Had the cougar been a better hunter, the outcome might have been different, wildlife authorities told the Rocky Mountain Outlook. Just the same, they were puzzled why the cougar had attacked. It was well fed. They know the mother of the 2-year-old lion had died, and they think the cat had failed to learn to be wary of people.

The cat was later tracked down and killed, as history has shown that if a young cat attacks a human once, it will do so again. That said, this is the first cougar attack in Banff-Canmore since 2001.

About 250 miles south in Montana, a grizzly bear attacked a 50-year-old hiker in Glacier National Park. The hiker said he had been making noise, but nonetheless rounded a bend in the trail and encountered the sow, which had one sub-adult with her. The hiker sustained bites to his leg and arm before the bear retreated. He was able to hike out on his own, reports the Whitefish Pilot.

Ski town real estate markets rebound

CRESTED BUTTE – Real estate sales in Crested Butte have picked up this summer, but it appears to be due to bottom-feeding as buyers snap up foreclosed properties. The Crested Butte News reports a median price of $280,000, compared to $340,000 last year.

In Eagle County, one-fifth of all sales have been bank sales, the Vail Daily reported. Measured simply by total dollar volume, the market has slipped from last year.
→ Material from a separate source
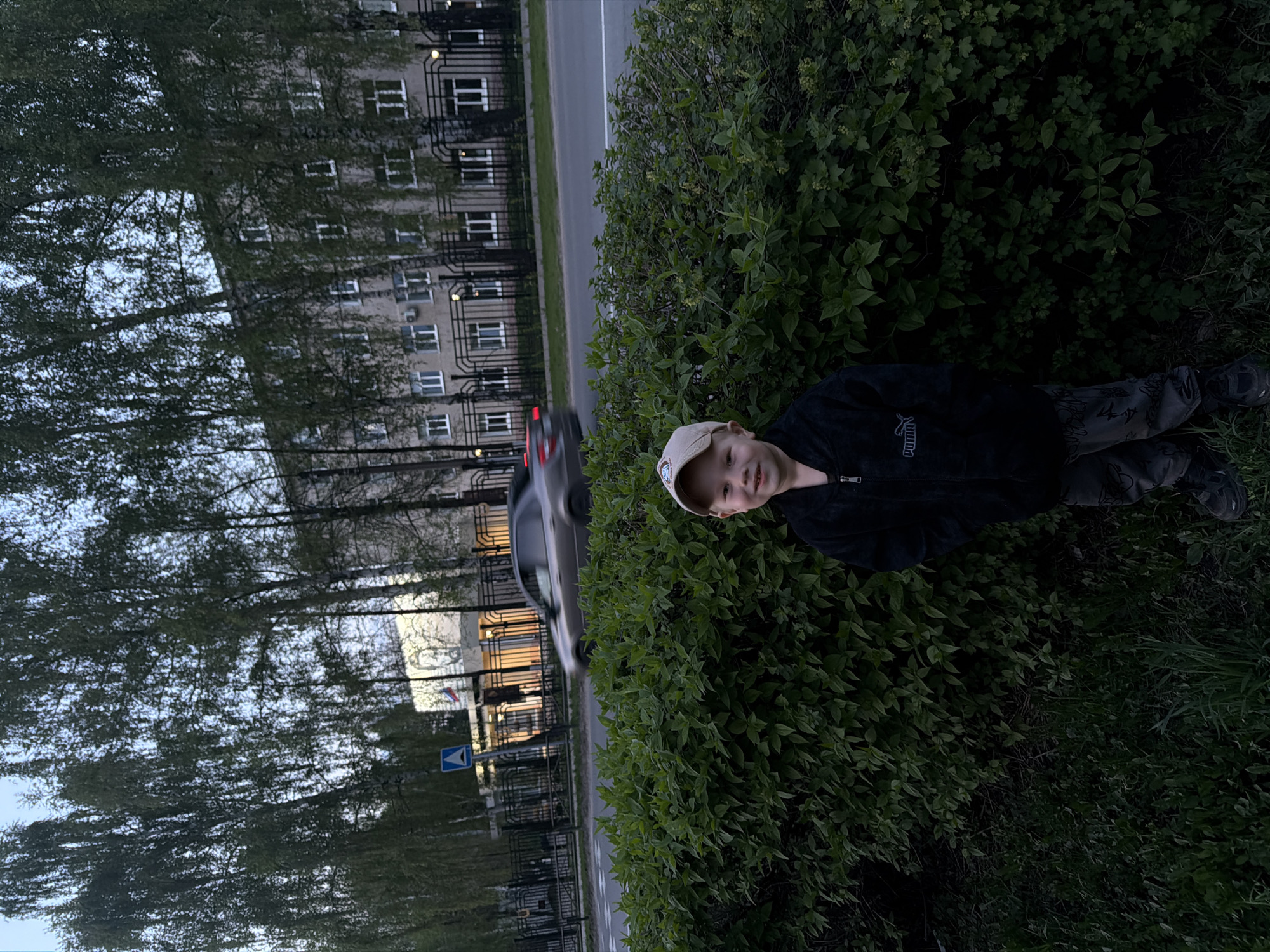 A boy wearing a beige baseball cap, black jacket with "PUMA" branding, and camouflage pants lies in a bush near a street in Chaikovsky, Russia. A silver car with illuminated taillights drives on the adjacent road. On the opposite side of the road, behind a black fence, is a multi-story building with numerous windows. Trees line the street, and a blue and white sign is visible near the road. The environment appears to be dusk or evening.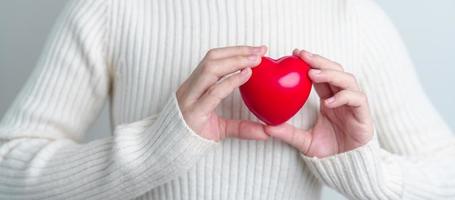 vrouw hand- Holding rood hart vorm geven aan. liefde, schenker, wereld hart dag, wereld Gezondheid dag en verzekering concepten foto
Buoyed by the sale of a $16 million house and a $38 million hotel in Snowmass, Pitkin County had a strong June. The average sale price of $4.8 million is 10 percent ahead of last year. The number of foreclosures was just 8 percent of all sales, reports The Aspen Times.

Mammoth Lakes may nix impact fees
MAMMOTH LAKES, Calif. – The national debate about how to stimulate the economy is playing out in Mammoth Lakes, where town officials are considering whether to further cut fees assessed on new development in order to nudge the carpenters, masons and others back to work.

Four types of fees are on the table, reports The Sheet, and some of them have already been curtailed. The cuts parallel those in broader Mono County.